About the exhibition «Still Joy — From Ukraine into the World»

Still Joy — From Ukraine into the World brings together leading international and Ukrainian artists reflecting on the concept of joy as both a vital force and a radical act of humanity. The exhibition’s starting point and disruptive agent are the testimonies collected by the Ukrainian story-gatherer Hlib Stryzhko, a marine, veteran, and former prisoner of war. These stories are anchoring fragments of reality within the exhibition.

Participating artists include: Kateryna Aliinyk (UKR), Piotr Armianovski (UKR), Janet Cardiff & George Bures Miller (CAN), Julian Charrière (CH), Tacita Dean (UK), Ryan Gander (UK), Gabrielle Goliath (SA), Nikita Kadan (UKR), Zhanna Kadyrova (UKR), Alevtina Kakhidze (UKR), Roman Khimei & Yarema Malashchuk (UKR), Pavlo Kovach (UKR), Bogdana Kosmina (UKR), Katya Lesiv (UKR), Kateryna Lysovenko (UKR), Simone Post, (NLD) Ashfika Rahman (Bangladesh), Daniel Turner (USA), Álvaro Urbano (ESP), Lesia Vasylchenko (UKR), Oleksiy Sai & Yury Gruzinov (UKR).

The exhibition begins with a video installation of rave scenes in Kyiv, captured before and during the full-scale war, by prominent Ukrainian artist duo Malashchuk & Khimei. Nearby are Aliinyk’s landscape paintings, where small animal life vibrates under a soft moonlit glow, and a video essay by Armianovski, blending the reality of war and discovering dreams seen by the Ukrainian city of Mariupol. The first section culminates in a new site-specific, immersive installation by Simone Post, reimagining the palazzo’s interior through an ephemeral architectural structure made of candy, inviting visitors into a moment of childlike joy.

The exhibition continues with individual stories, memories of lost communities, and contemplations of love. Future Generation Art Prize winners Ashfika Rahman (Main Prize, 2024)  and Zhanna Kadyrova (Special Prize, 2014) address forced displacement through endurance, care, and responsibility in their unique works; Rahman’s radiant installation of Hindu temple bells suspended by golden silk threads appears in conversation with plants salvaged from bombed Ukrainian buildings: Kadyrova’s site-specific installation composed of light boxes and living plants — figures of “refugees” in transit, receiving healing and care. 

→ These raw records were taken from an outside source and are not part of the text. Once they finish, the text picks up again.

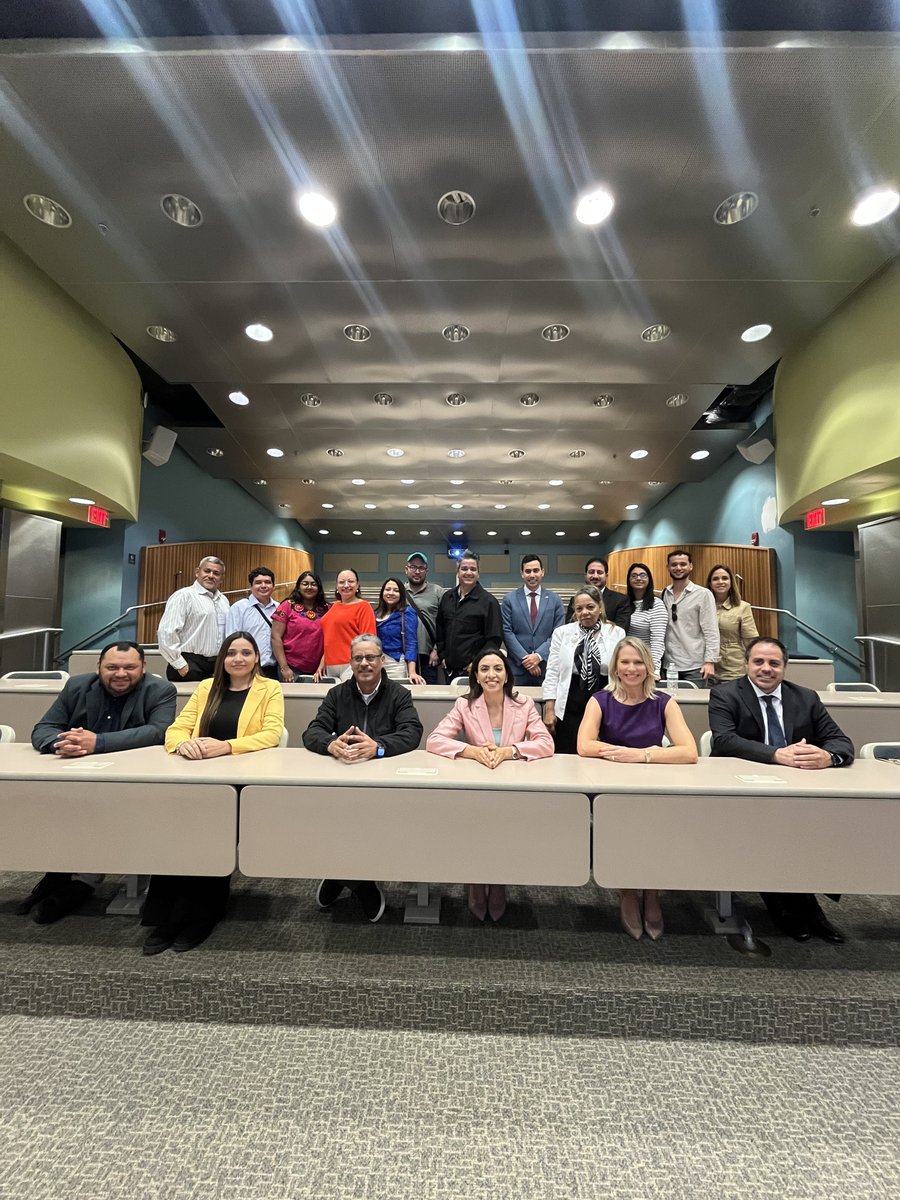 Global Ties Miami (@globaltiesmiami) on Twitter photo Last month we had 10 Nicaraguan journalists explore sustainable media in exile. Thanks to Natalia Molano, Amanda Roberson & Ray Darnott from Media Hub of the Americas <a href="/USAenEspanol/">USA en Español</a> at the <a href="/StateDept/">Department of State</a> for sharing media strategy, and to the <a href="/MDCollege/">Miami Dade College</a> Wolfson Campus for hosting us! Last month we had 10 Nicaraguan journalists explore sustainable media in exile. Thanks to Natalia Molano, Amanda Roberson & Ray Darnott from Media Hub of the Americas <a href="/USAenEspanol/">USA en Español</a> at the <a href="/StateDept/">Department of State</a> for sharing media strategy, and to the <a href="/MDCollege/">Miami Dade College</a> Wolfson Campus for hosting us!
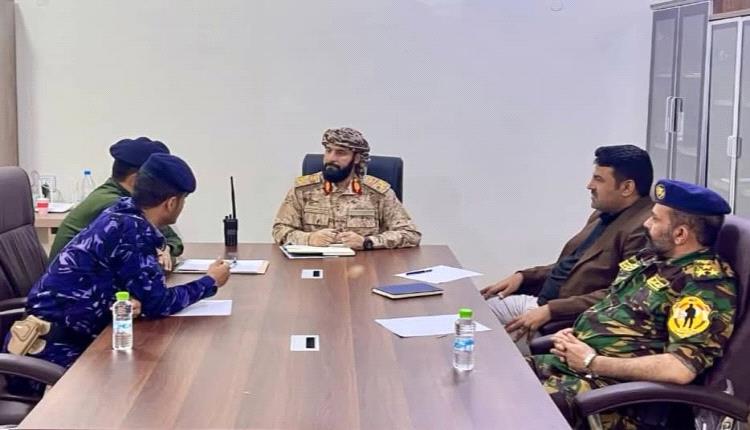 محافظ أبين يوجّه برفع الجاهزية وتوحيد الجهود لمواجهة التحديات الأمنية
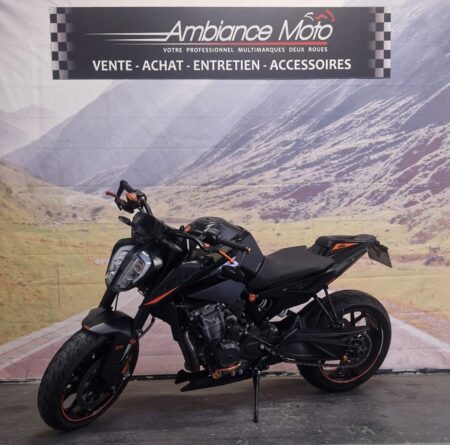 KTM 890 DUKE R
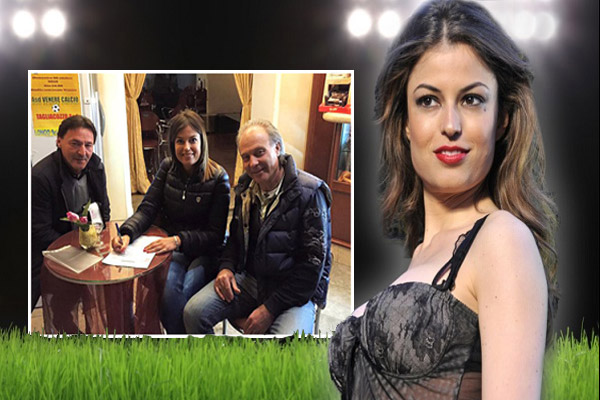 ممثلة أفلام إيطالية تقتحم عالم كرة القدم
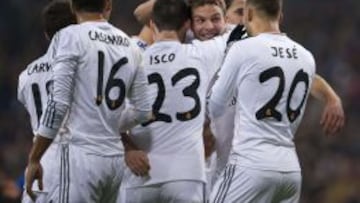 Illarramendi es felicitado por sus compa&ntilde;eros tras su gol.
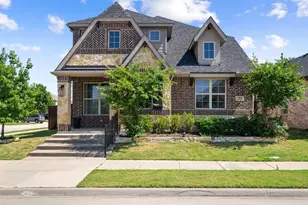 2001 Olivereta Dr, Little Elm, TX 75068 - Photo 2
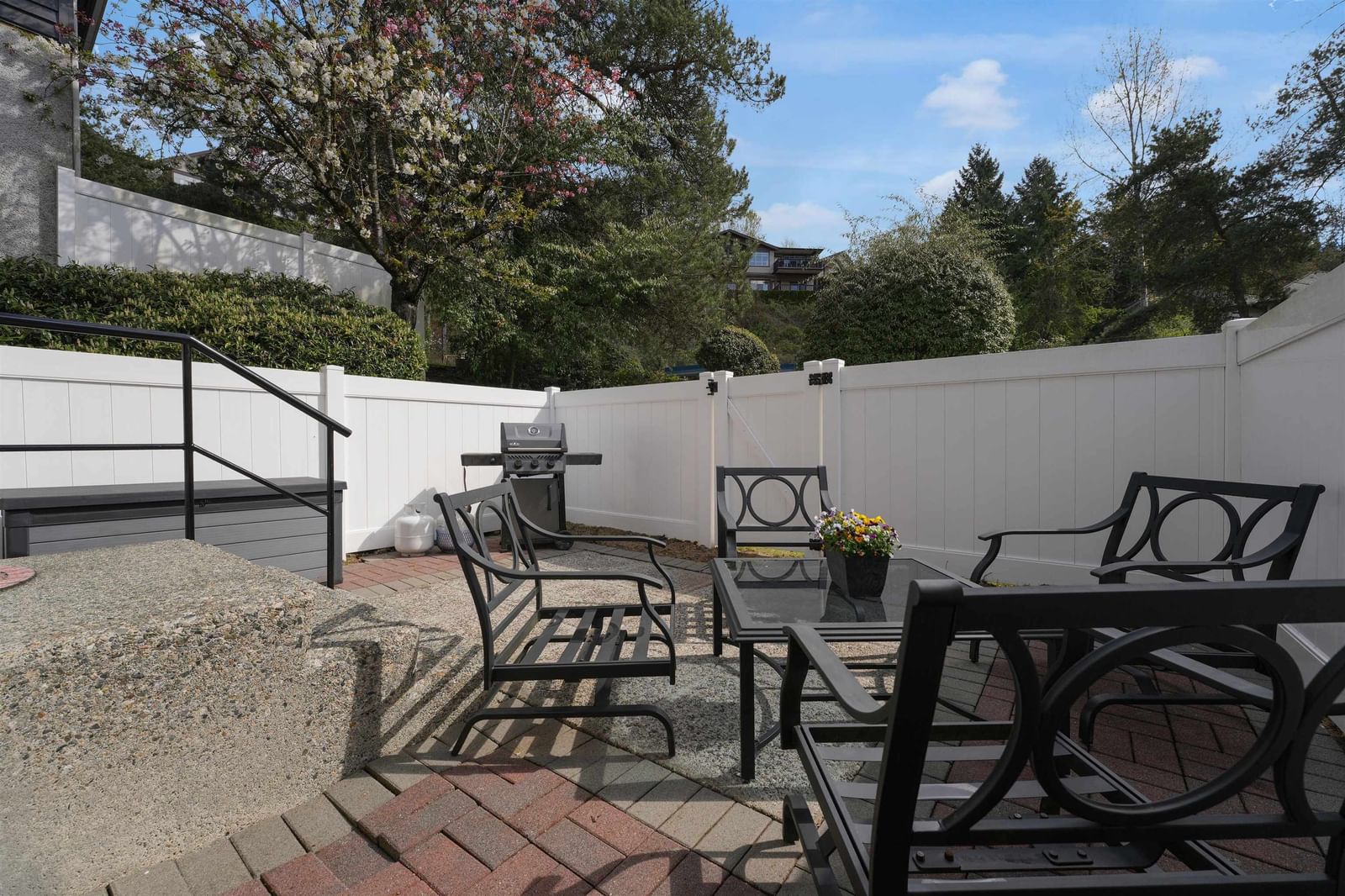 Listing Image 29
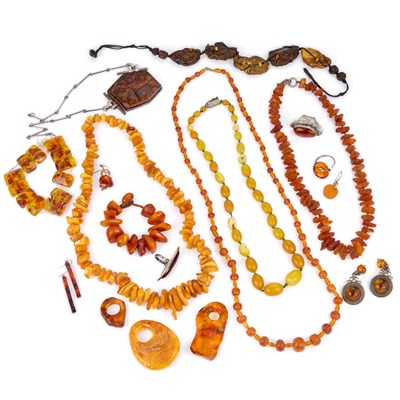 Lot 714 - A GROUP OF AMBER JEWELLERY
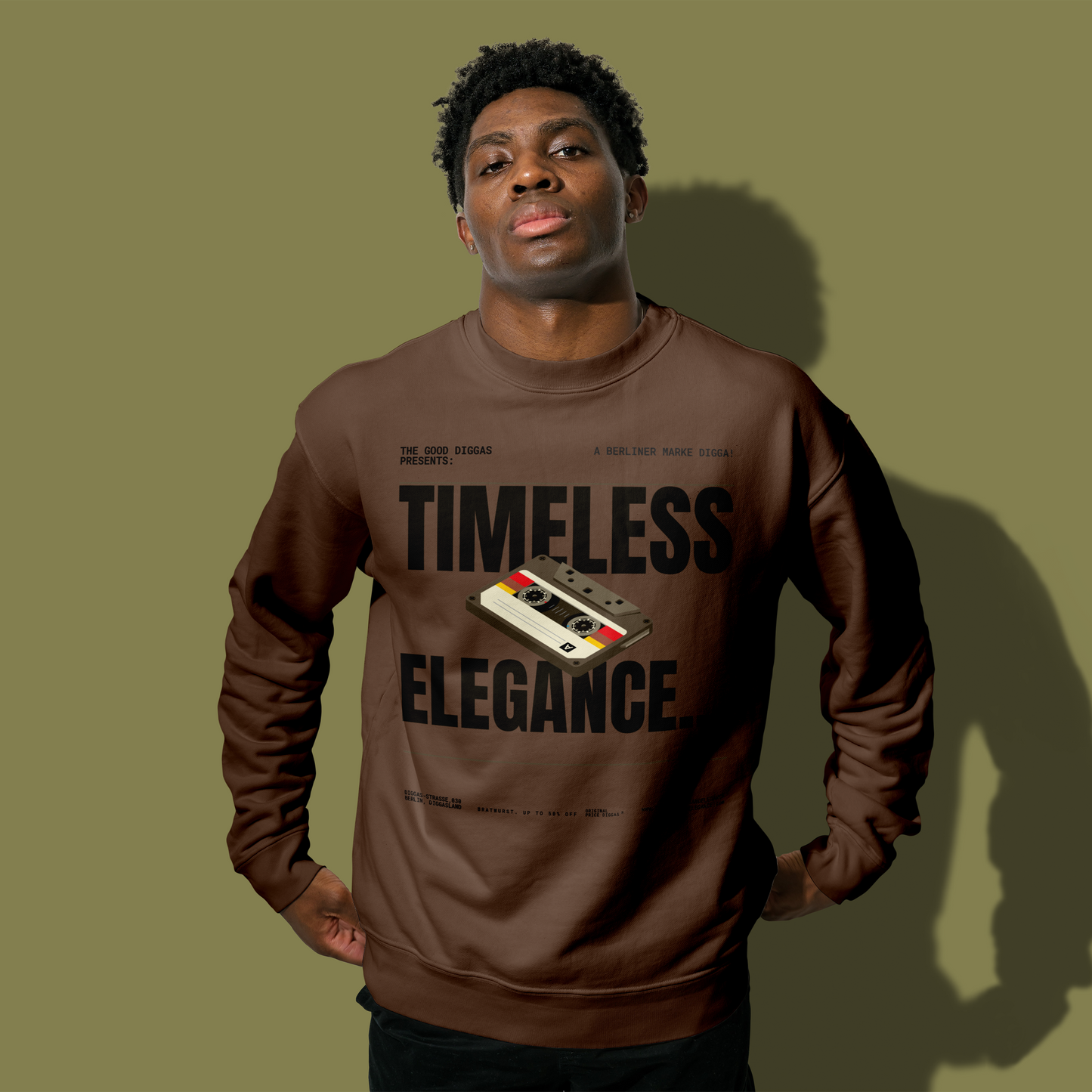 Timeless Retro Front Sweatshirt (Black)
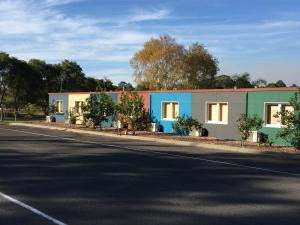 a row of houses on the side of a road at Manjimup Gateway Hotel in Manjimup
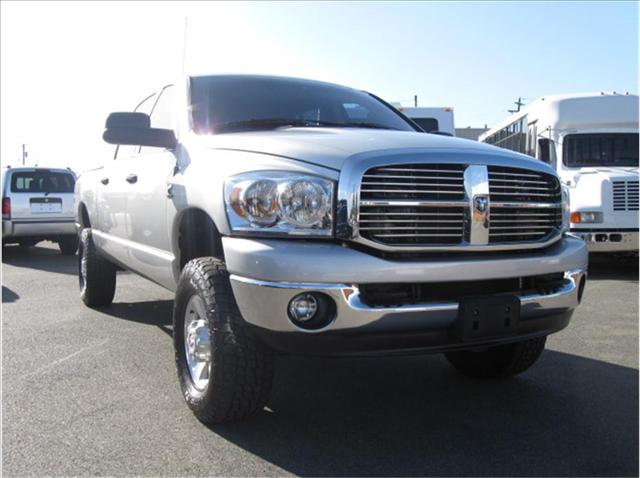 Dodge Ram 2500 4dr 2WD EXT S Wagon Pickup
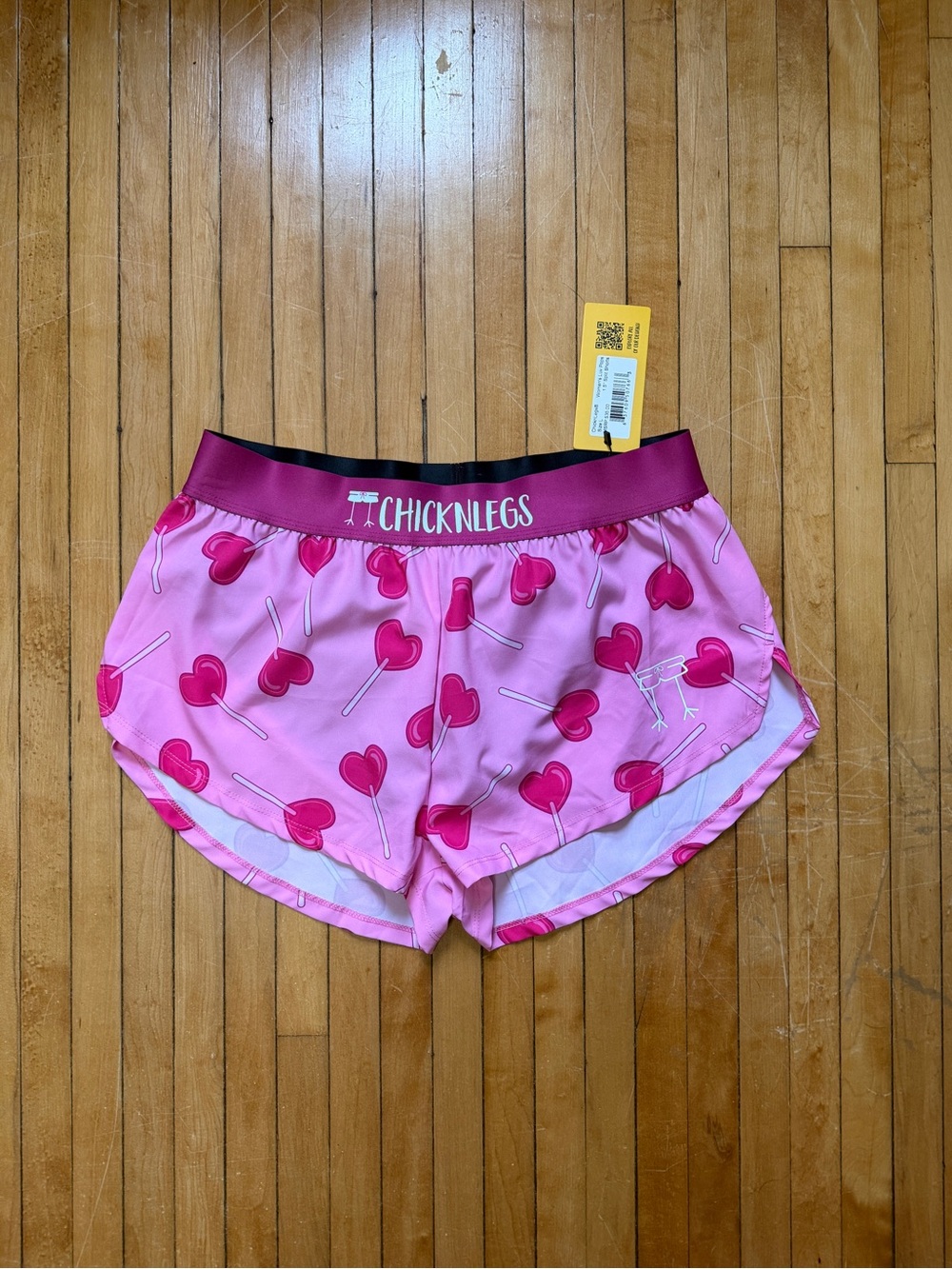 NWT ChicknLegs Luv Pops 1.5" Split Women’s Lined Shorts Pink Sz. L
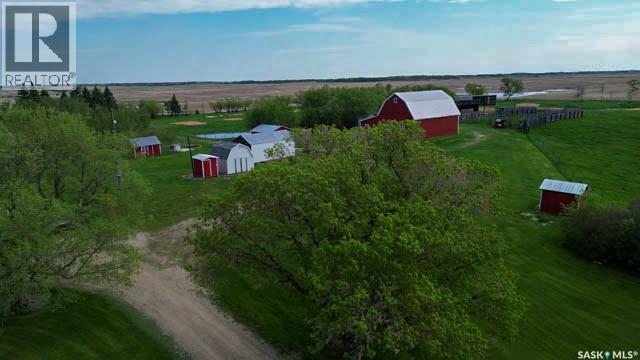 Modern Turn Key 15 Acre Farm, Fertile Belt Rm No. 183, Saskatchewan  S0A 3Y0 - Photo 49 - SK037042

Personal joys - at once empowering and sorrowful — emerge in Gabrielle Goliath’s recent video works depicting Ukrainian LGBTQIA+ soldiers and civilians, sharing intimate testimonies. Joy as memory and love runs through Tacita Dean’s 39-minute 16mm film, If I were in the Adlon (2025), featuring the Ukrainian artist Boris Mikhailov and Vita Mikhailov, his wife, collaborator and muse, during one afternoon in the eponymous Berlin hotel, known for its ties to Cold War intrigue and espionage. Nearby, Cardiff & Miller’s installation Conversations with My Mother (2023), where telephones become a thread that binds us to those who are no longer here.

Moving through landscape and body, further works by Dean, Kakhidze, Urbano, Sai, Gander, Charrière, and Kadan trace how human actions leave marks and scars. From Dean’s hand-touched photographs of century-old Sakura trees to Urbano’s painted-metal Kalyna (viburnum) branch — a plant no longer meant to be smelled or plucked — the works call into relief the simple but precarious joy of survival. Kakhidze’s accompanying in-exhibition tattoo salon allows viewers to themselves be literally marked by the exhibition, in perpetuity. The exhibition concludes with a monumental drawing depicting a historical scene of a silent rave, captured by leading Ukrainian artist Nikita Kadan, where bodies become a landscape of emergence and loss.

Across all its layers, Still Joy responds to the present moment — originating in Ukraine and extending beyond — to a place that is fragile, yet resilient, where joy endures.